- **Information shown**

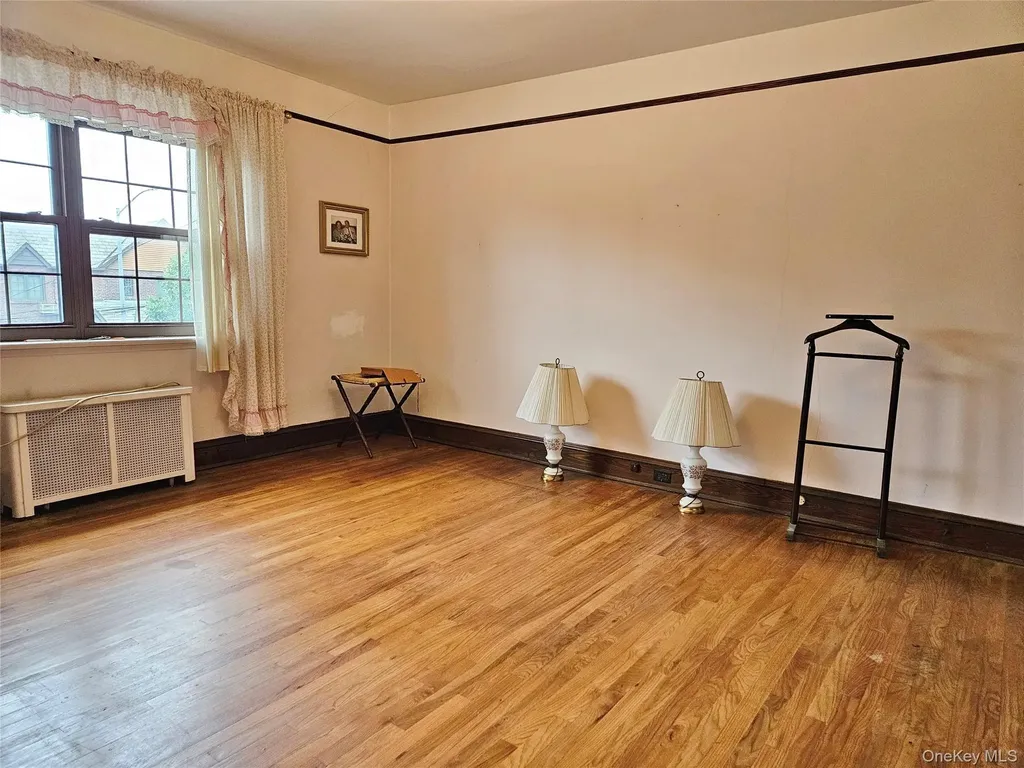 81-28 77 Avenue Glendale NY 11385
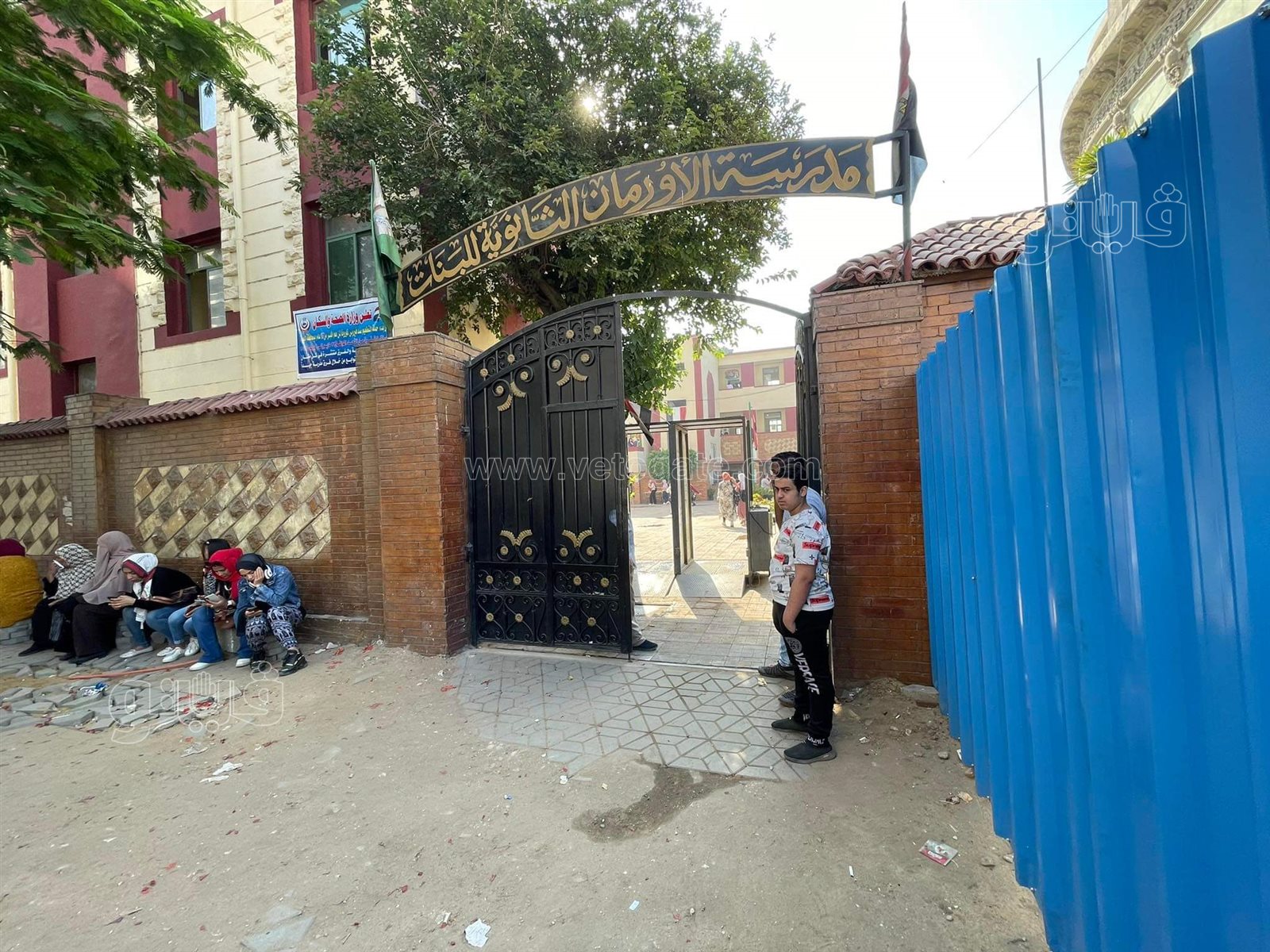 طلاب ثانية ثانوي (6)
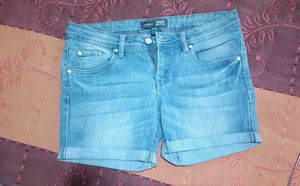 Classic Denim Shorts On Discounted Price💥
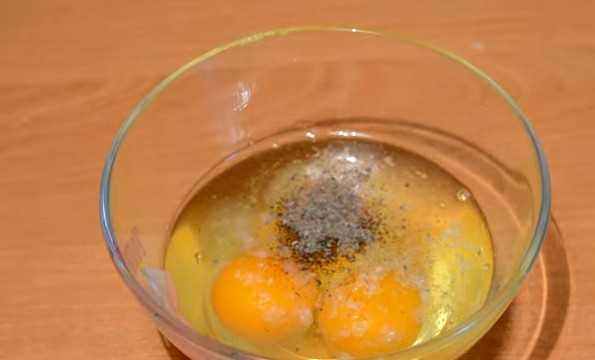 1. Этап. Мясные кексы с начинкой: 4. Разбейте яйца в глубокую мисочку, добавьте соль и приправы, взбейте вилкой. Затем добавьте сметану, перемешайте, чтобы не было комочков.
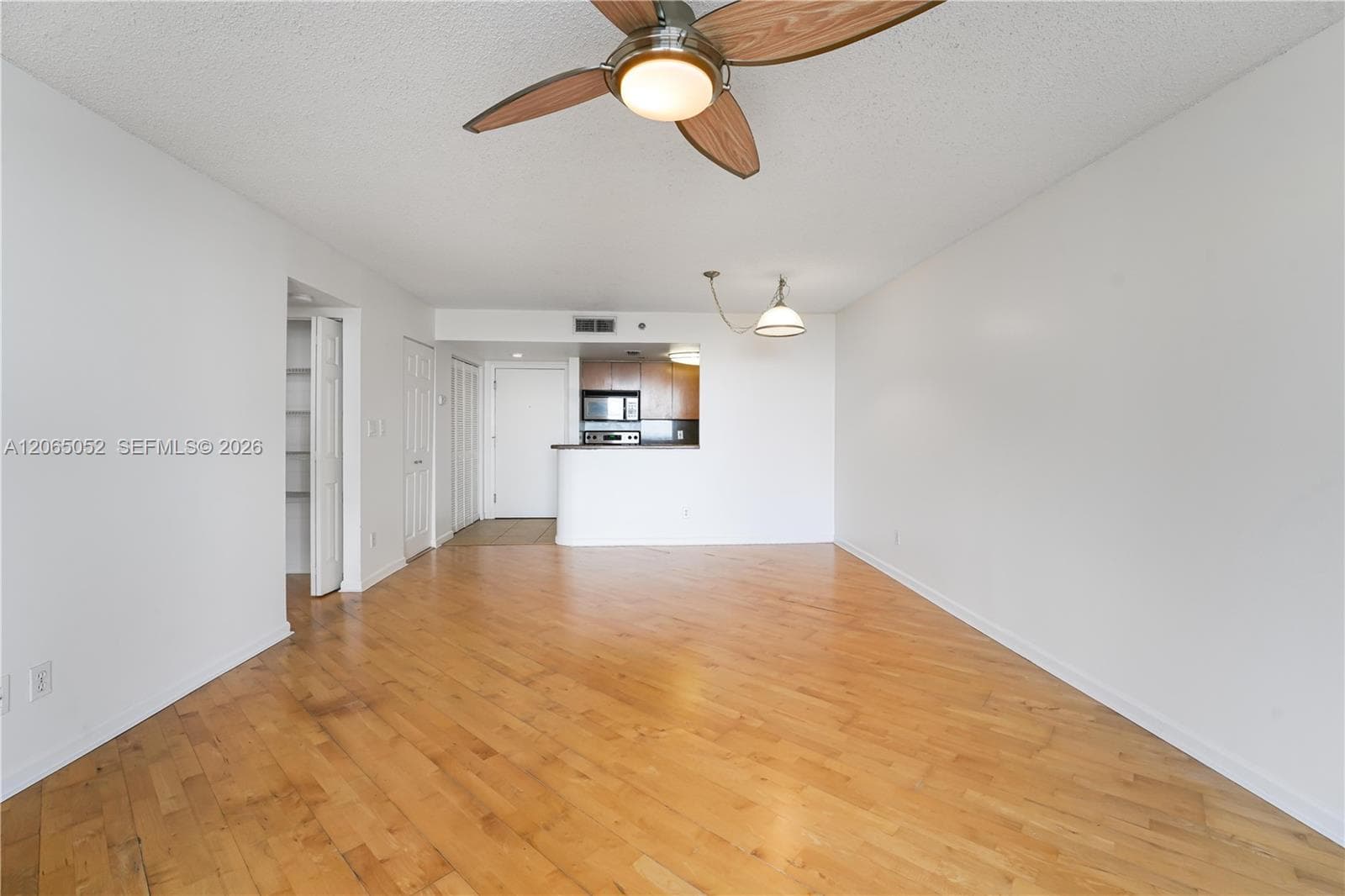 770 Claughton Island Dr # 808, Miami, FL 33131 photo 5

...

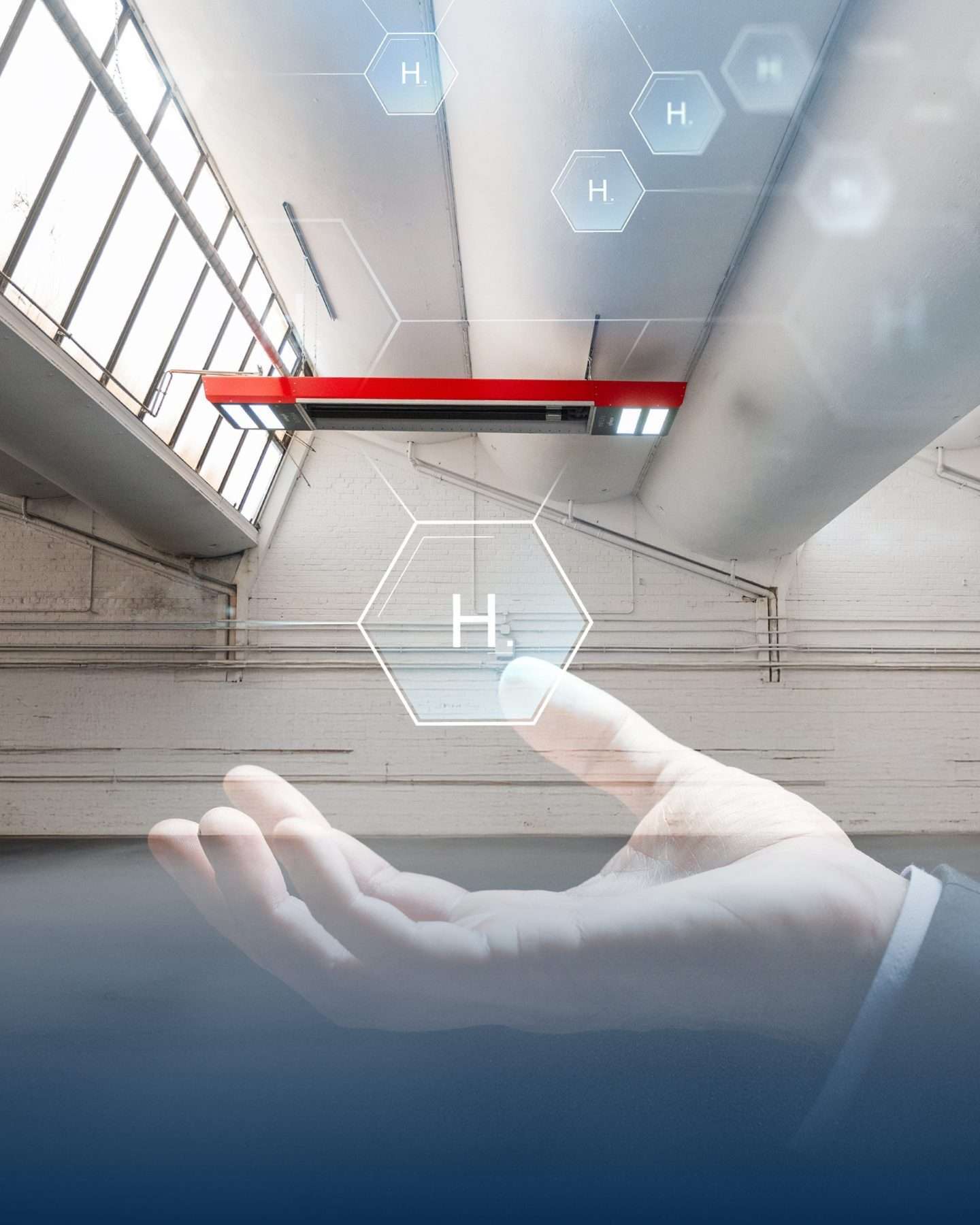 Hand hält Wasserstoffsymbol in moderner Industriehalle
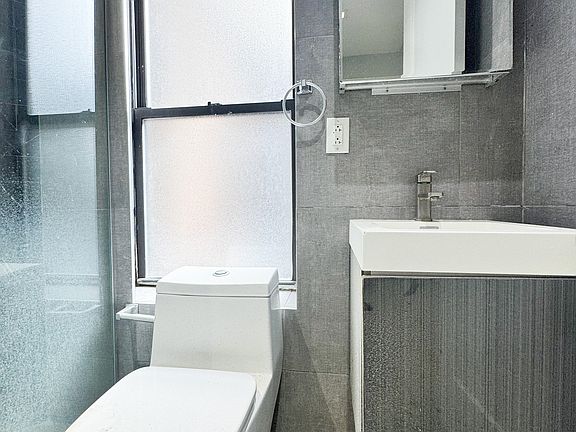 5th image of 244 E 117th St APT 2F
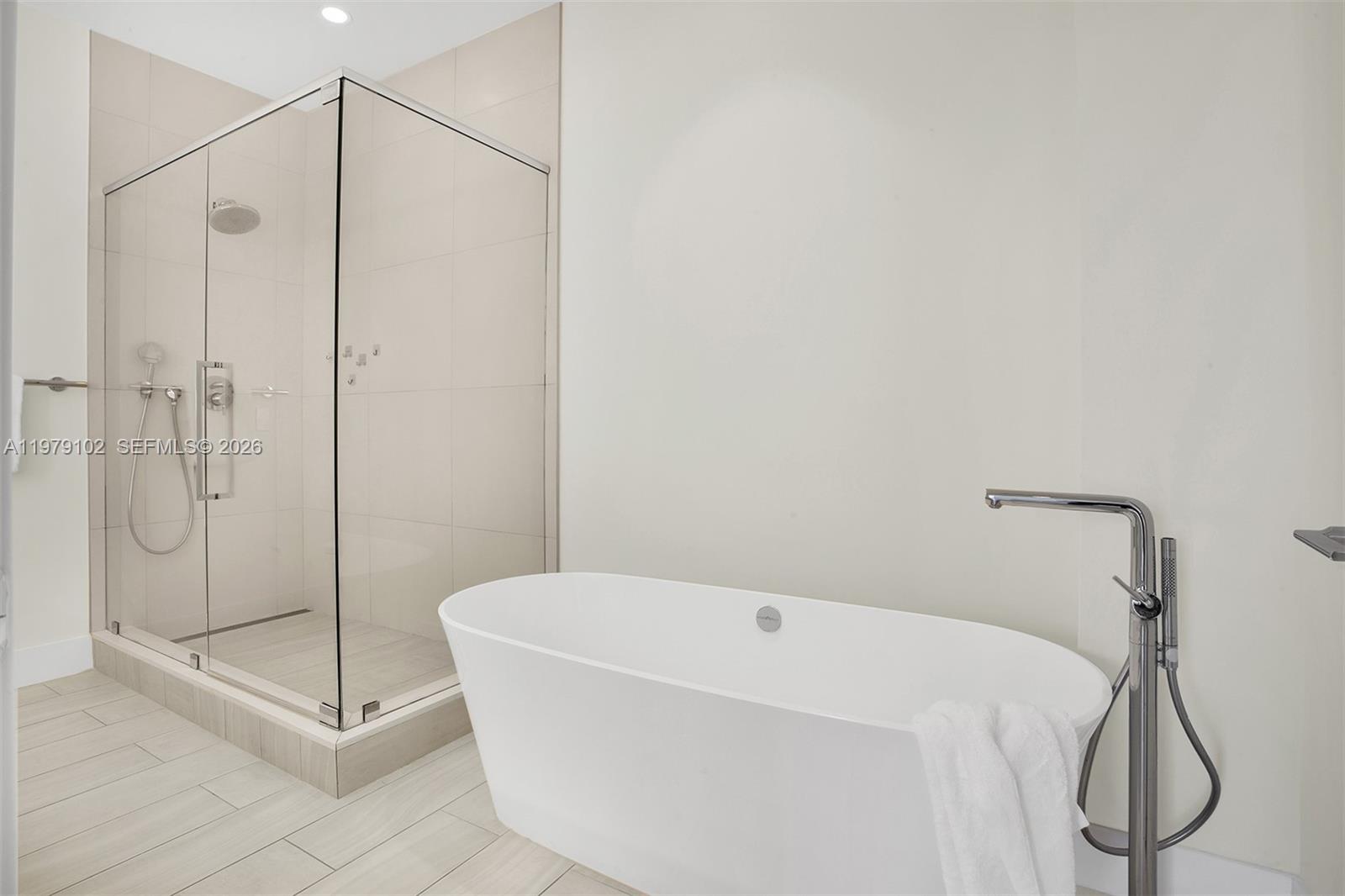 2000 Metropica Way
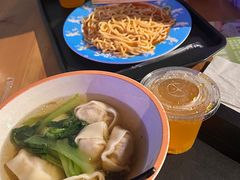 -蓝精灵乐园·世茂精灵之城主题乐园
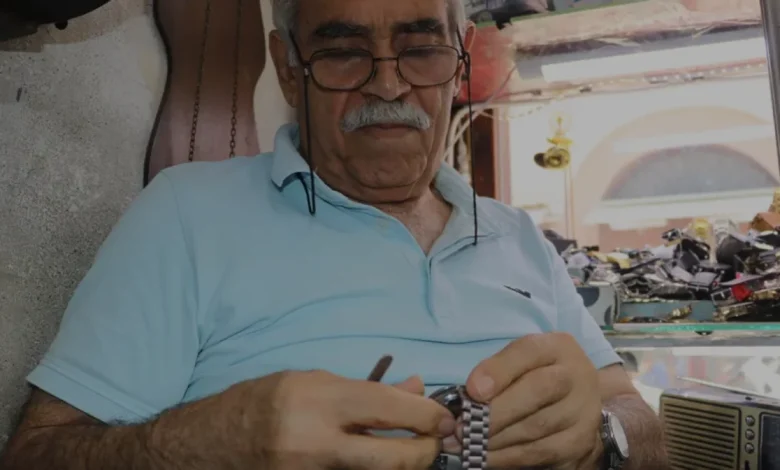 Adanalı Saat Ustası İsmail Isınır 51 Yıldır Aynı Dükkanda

- **Problem to work on**
Starting at the line above that has "Classic Denim Shorts On Discounted Price💥" and ending at the line that has "1. Этап. Мясные", copy each line exactly, leaving the pictures out and adding nothing.

- **Answer to this task**
 Classic Denim Shorts On Discounted Price💥
 1. Этап. Мясные кексы с начинкой: 4. Разбейте яйца в глубокую мисочку, добавьте соль и приправы, взбейте вилкой. Затем добавьте сметану, перемешайте, чтобы не было комочков.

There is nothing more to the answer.